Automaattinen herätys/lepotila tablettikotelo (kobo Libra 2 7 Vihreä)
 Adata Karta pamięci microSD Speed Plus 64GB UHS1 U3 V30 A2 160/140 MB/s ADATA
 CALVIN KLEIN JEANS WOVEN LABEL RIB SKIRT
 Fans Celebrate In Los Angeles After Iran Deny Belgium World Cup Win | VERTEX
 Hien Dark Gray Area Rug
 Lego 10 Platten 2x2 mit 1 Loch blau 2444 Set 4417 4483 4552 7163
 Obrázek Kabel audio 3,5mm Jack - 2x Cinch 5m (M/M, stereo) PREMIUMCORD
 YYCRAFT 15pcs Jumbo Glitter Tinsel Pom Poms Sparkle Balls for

══════════

§ Task
Print only the lines running from the one with "CALVIN KLEIN JEANS WOVEN LABEL RIB SKIRT" to the final line of the data above, each exactly as it appears.

§ Finished task
 CALVIN KLEIN JEANS WOVEN LABEL RIB SKIRT
 Fans Celebrate In Los Angeles After Iran Deny Belgium World Cup Win | VERTEX
 Hien Dark Gray Area Rug
 Lego 10 Platten 2x2 mit 1 Loch blau 2444 Set 4417 4483 4552 7163
 Obrázek Kabel audio 3,5mm Jack - 2x Cinch 5m (M/M, stereo) PREMIUMCORD
 YYCRAFT 15pcs Jumbo Glitter Tinsel Pom Poms Sparkle Balls for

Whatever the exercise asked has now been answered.